§ Exercise
Your answer should contain only the lines from the top of the data below down through the one with "Hit the bricks, rat", transcribed exactly and without pictures; please include nothing more.

____

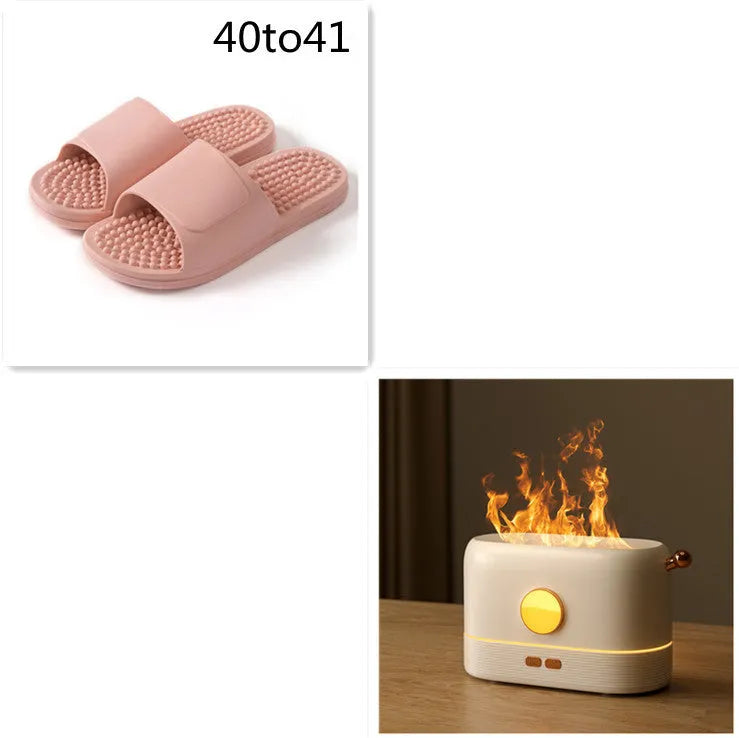 USB desktop humidifier with flame simulation effect and fragrance diffuser function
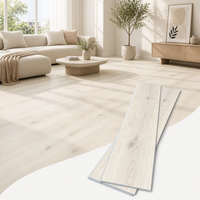 Plancher en vinyle rigide imperméable SPC, système de verrouillage facile à installer, résistant à l'usure, texture bois pour salon résidentiel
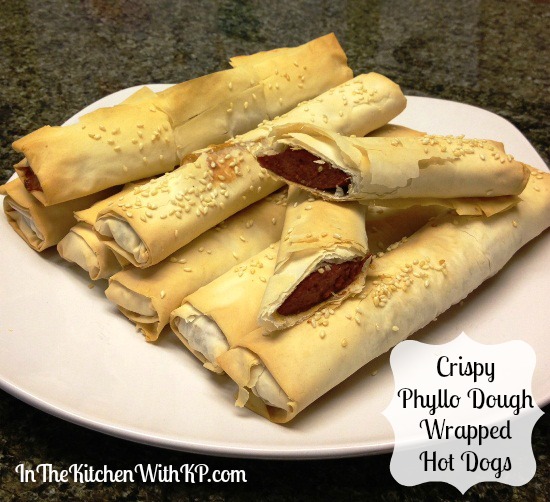 Crispy Phyllo Dough Wrapped Hot Dogs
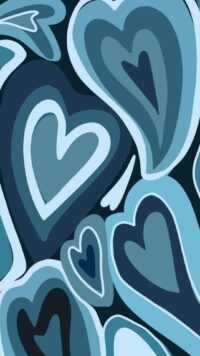 Blue Heart Background 5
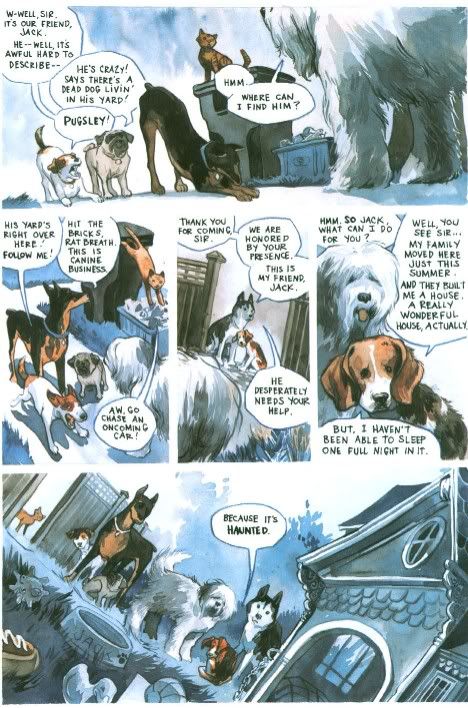 Hit the bricks, rat breath. This is canine business.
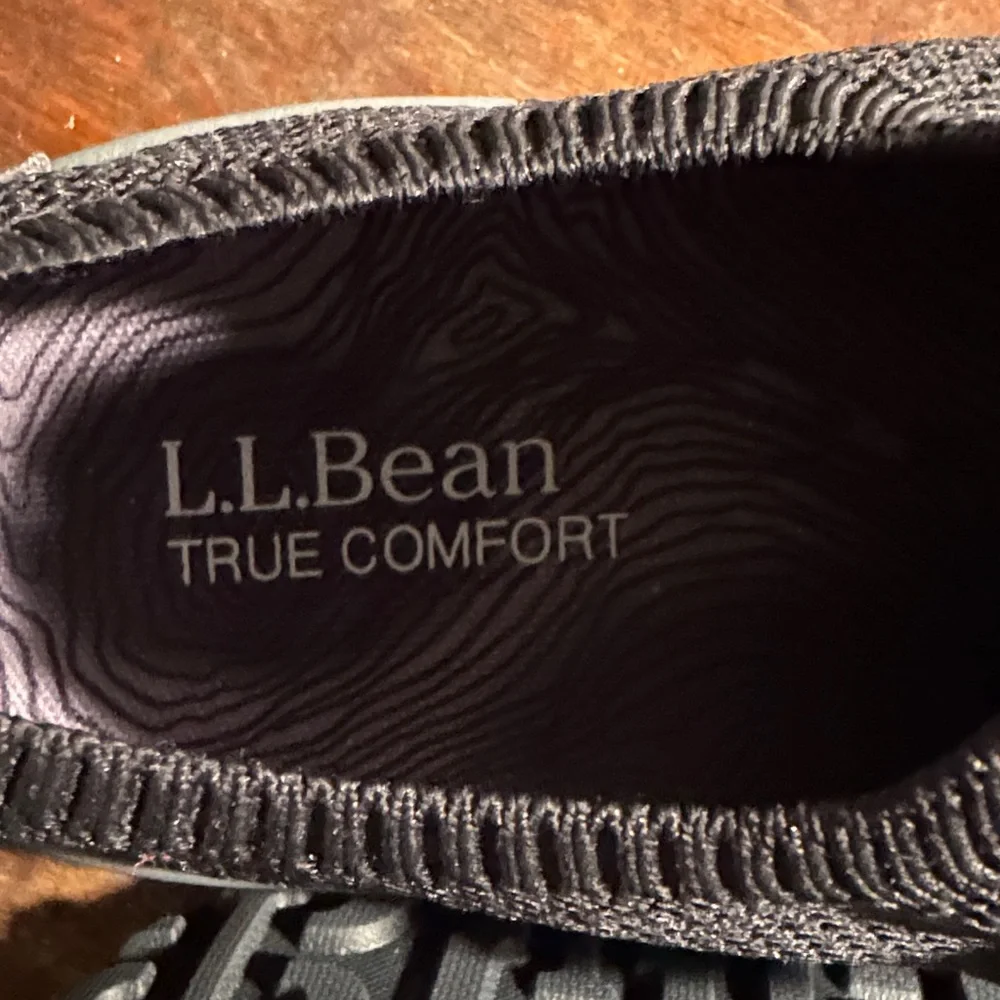 L.L. Bean Womens 8.5 walking shoe true comfort Black Sneakers BRAND NEW WOT - Picture 4 of 8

____

§ Exercise result
 USB desktop humidifier with flame simulation effect and fragrance diffuser function
 Plancher en vinyle rigide imperméable SPC, système de verrouillage facile à installer, résistant à l'usure, texture bois pour salon résidentiel
 Crispy Phyllo Dough Wrapped Hot Dogs
 Blue Heart Background 5
 Hit the bricks, rat breath. This is canine business.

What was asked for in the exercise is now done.